Goal of the exercise =>
The reply should hold only the lines from the one with "Instructions for Form" to the one with "216 - Still", both ends kept, exactly as they appear below, without any pictures.

Data for analysis =>
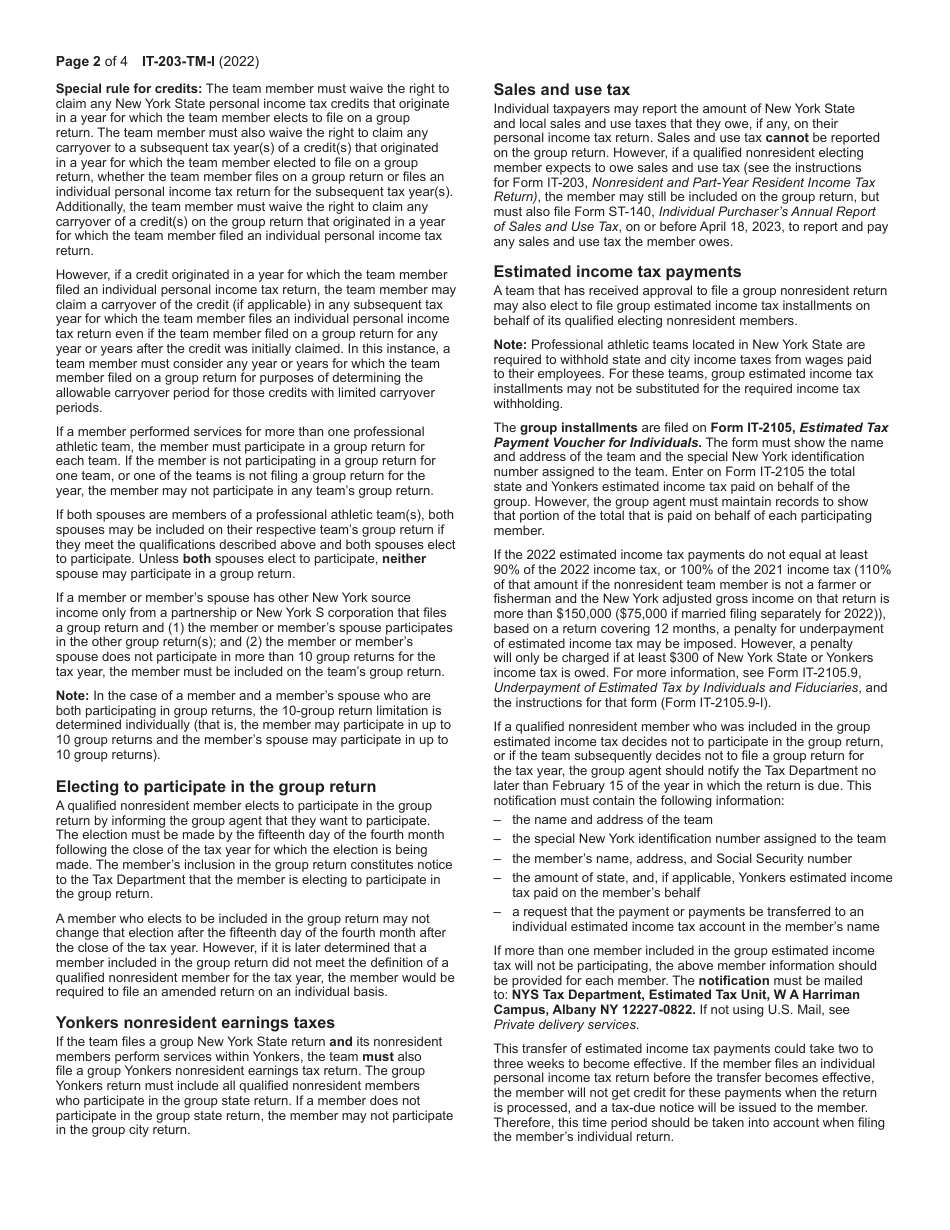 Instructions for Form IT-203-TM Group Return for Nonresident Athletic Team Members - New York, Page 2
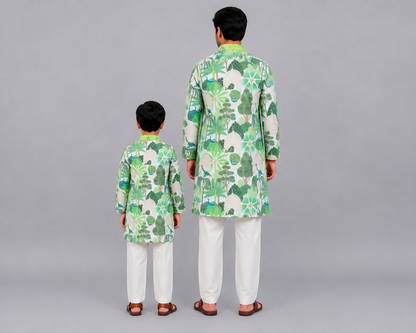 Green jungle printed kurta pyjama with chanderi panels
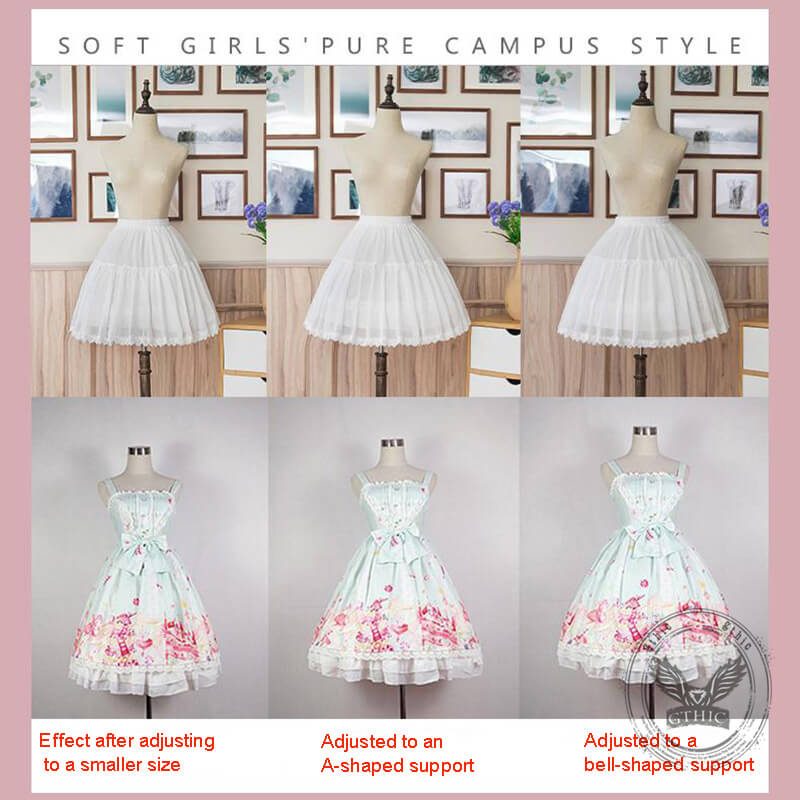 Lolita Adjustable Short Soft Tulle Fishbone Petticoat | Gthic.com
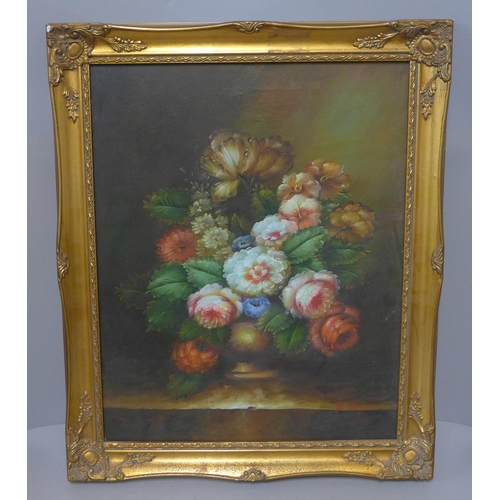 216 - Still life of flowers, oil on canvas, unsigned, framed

...

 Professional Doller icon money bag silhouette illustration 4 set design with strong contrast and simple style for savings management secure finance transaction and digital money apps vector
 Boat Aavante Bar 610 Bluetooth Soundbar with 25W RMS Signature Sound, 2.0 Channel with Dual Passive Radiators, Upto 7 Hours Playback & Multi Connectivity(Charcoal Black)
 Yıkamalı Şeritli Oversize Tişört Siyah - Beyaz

...

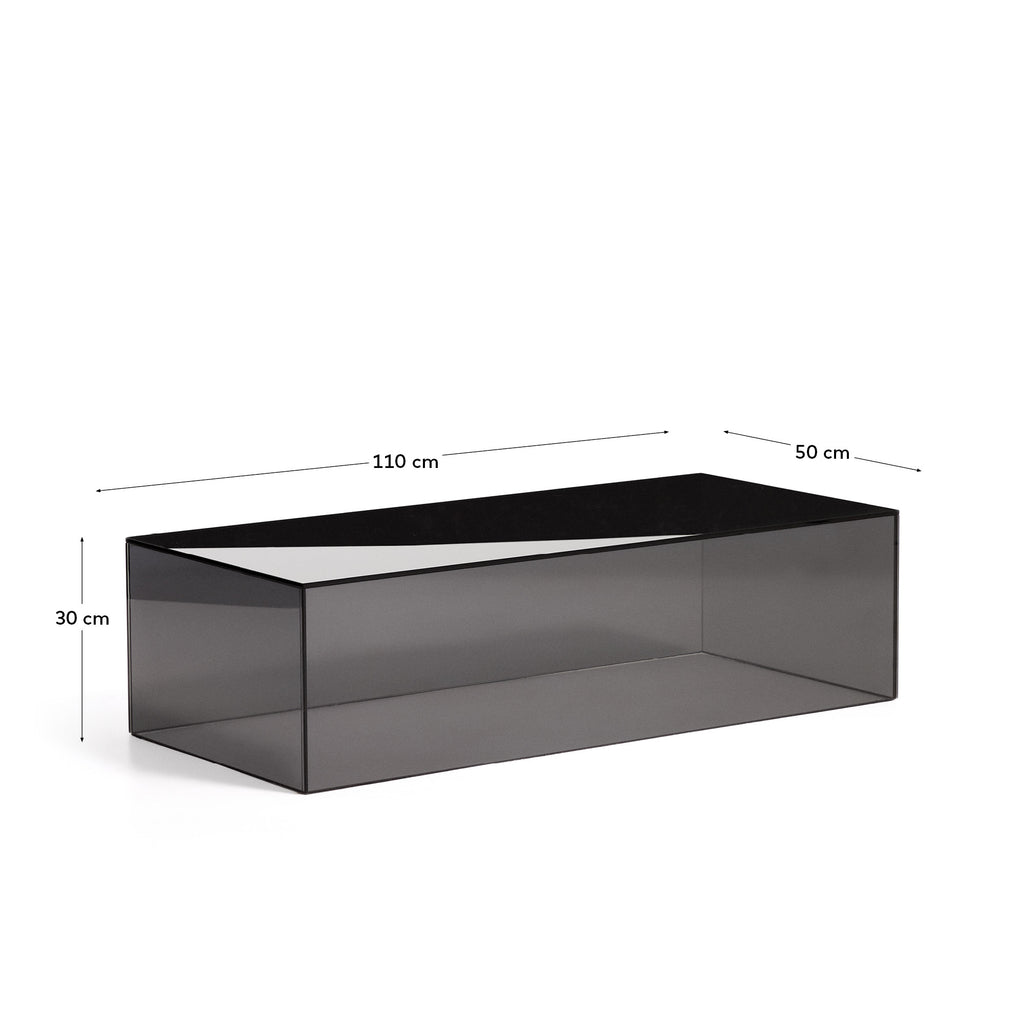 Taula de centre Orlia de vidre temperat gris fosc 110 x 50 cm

Answer area =>
 Instructions for Form IT-203-TM Group Return for Nonresident Athletic Team Members - New York, Page 2
 Green jungle printed kurta pyjama with chanderi panels
 Lolita Adjustable Short Soft Tulle Fishbone Petticoat | Gthic.com
 216 - Still life of flowers, oil on canvas, unsigned, framed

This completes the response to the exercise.